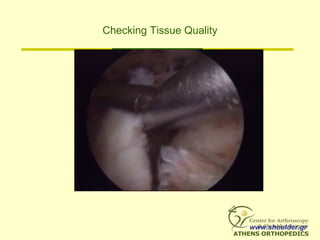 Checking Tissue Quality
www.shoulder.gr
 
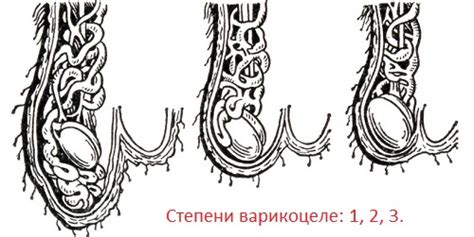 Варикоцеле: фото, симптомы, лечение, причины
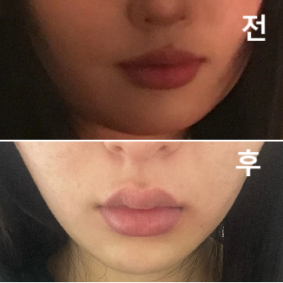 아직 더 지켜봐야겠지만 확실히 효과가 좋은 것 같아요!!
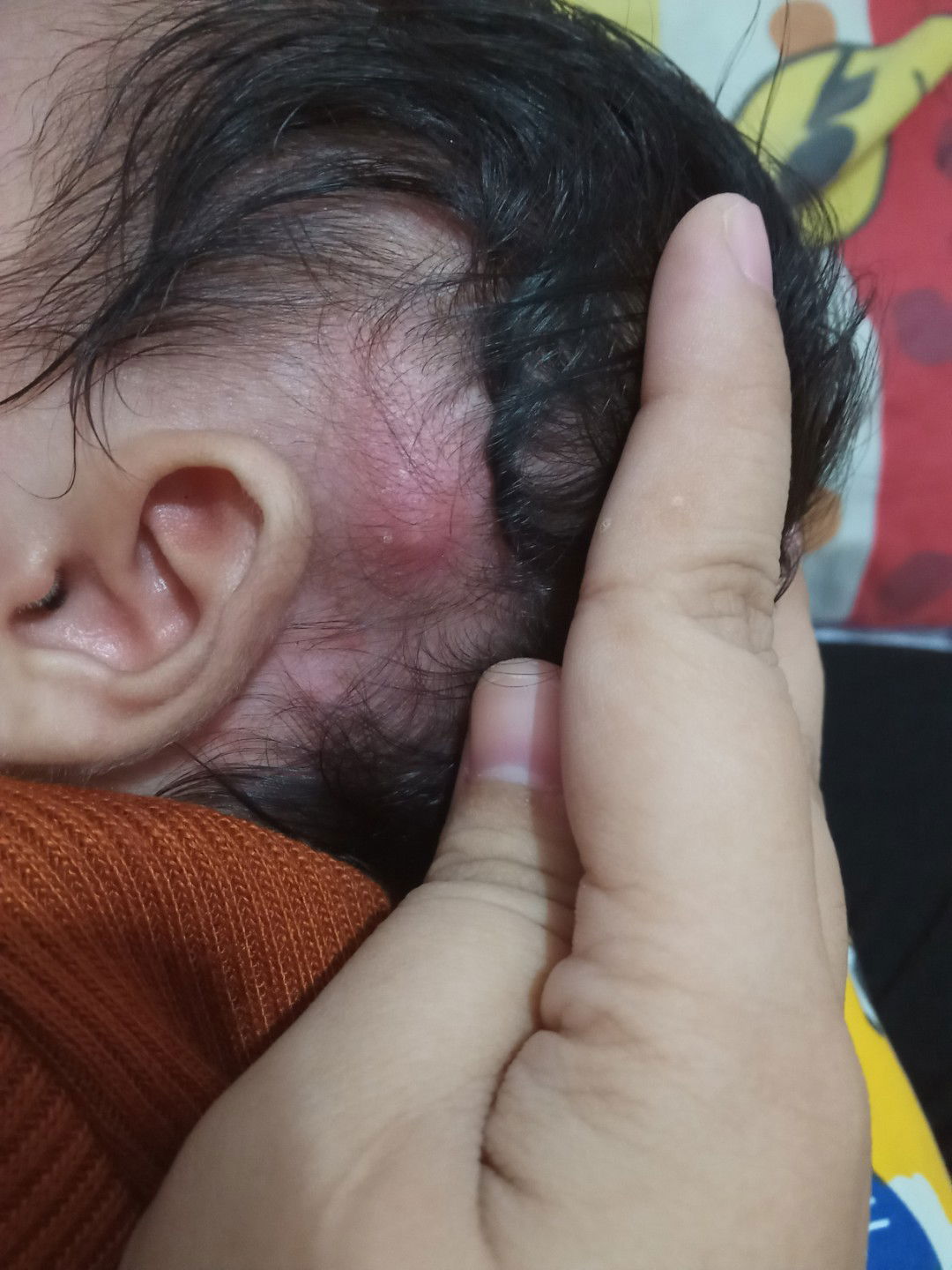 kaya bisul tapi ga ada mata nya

● ● ●

ASSIGNMENT >>
Leave out the pictures and repeat exactly the lines from the one containing "www.shoulder.gr" through the last line of the entries.

RESPONSE BOX >>
www.shoulder.gr
 
 Варикоцеле: фото, симптомы, лечение, причины
 아직 더 지켜봐야겠지만 확실히 효과가 좋은 것 같아요!!
 kaya bisul tapi ga ada mata nya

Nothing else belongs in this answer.